And my most Sincere Thanks to aall here for their Prayers and Good wishes

Here's what happened:

After the first few days of ICU Hospitalization a representative of the Hospital Chaplains Office came to the family members waiting outside ICU and asked about the patients religious affiliation and whether she would want some one to pray for/with her.

The patients MOTHER-IN-LAW immediately responds with a barked "No! She has no religious beliefs, she would not want anyone to pray for her"

The Chaplain said "Okay" and walked out of the waiting room before anyone else (Mother and two sisters) could get over their shock and surprise.

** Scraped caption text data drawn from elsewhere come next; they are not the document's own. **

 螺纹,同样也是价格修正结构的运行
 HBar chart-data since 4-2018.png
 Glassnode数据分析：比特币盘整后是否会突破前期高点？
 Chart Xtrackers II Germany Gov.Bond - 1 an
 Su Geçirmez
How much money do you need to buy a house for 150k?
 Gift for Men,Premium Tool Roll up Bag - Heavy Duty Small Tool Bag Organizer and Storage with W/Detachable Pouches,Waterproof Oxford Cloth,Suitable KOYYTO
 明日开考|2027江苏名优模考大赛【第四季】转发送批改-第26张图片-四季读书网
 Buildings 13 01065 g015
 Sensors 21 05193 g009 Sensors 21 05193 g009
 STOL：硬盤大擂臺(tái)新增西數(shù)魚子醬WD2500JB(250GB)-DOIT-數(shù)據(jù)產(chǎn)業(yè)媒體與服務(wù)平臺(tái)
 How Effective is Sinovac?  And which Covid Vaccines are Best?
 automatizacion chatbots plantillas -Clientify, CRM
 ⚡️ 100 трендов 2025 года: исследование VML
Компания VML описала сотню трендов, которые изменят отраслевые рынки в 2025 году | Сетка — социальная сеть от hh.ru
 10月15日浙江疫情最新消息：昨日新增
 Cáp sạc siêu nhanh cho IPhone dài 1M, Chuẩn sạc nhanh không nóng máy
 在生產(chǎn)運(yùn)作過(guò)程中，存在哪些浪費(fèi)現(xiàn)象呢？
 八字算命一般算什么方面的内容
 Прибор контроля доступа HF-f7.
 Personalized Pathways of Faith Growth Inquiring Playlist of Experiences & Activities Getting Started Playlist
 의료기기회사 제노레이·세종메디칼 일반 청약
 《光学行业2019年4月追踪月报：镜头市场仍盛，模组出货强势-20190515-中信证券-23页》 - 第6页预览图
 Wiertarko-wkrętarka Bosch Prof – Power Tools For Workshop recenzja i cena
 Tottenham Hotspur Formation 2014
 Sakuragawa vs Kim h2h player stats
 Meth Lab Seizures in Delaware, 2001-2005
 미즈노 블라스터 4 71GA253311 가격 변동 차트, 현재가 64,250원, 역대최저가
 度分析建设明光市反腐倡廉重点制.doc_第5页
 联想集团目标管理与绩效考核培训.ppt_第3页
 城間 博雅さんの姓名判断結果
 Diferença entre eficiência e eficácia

The Loudmouth is a Lawyer (Marquette Law, which should tell you all you need to know about her super-liberal, Clinton's Rule, over-the-hill flower child mentality)

I wasn't present when it happened, found out about it a day later, when the Patients mother (My MIL, 85 years old and in poor health herself) tried to tell me about it but couldn't without breaking into tears.

Well, I went down to the Chaplains Office, explained that the patient was raised and confirmed Roman Catholic, that no one in the family had ever heard her renounce that. And that regardless of any one else's opinion the Family would be very grateful for any ministrations to the patient. That a lot of people were praying for her, and that I told her that at every opportunity, conscious or not and it seemed to ease some of her distress. The Priest assured me he understood and would act accordingly.

The patients husband is so upset and distraught over his wife's illness that he frankly shouldn't be making decisions about what color socks to wear, let alone anything else.

Heres my problem;

I am truly furious over the behavior of the Know it all BS Marquette Lawyer MIL.

I have not seen her privately since this happened, but I still have an irrepressible urge to slam the pompous supercilious B*tch up against the nearest wall,. Inquire gently as to just exactly who the Hell she thinks she is. Explain in a kind and gentle manner that she had no right to dare to answer that question for anyone except herself.

And then to pound her into the puddle of slime that I believe is her natural state.

This is one of the most disgusting, totally unacceptable examples of human behavior I've ever run across, and I've seen some beauties.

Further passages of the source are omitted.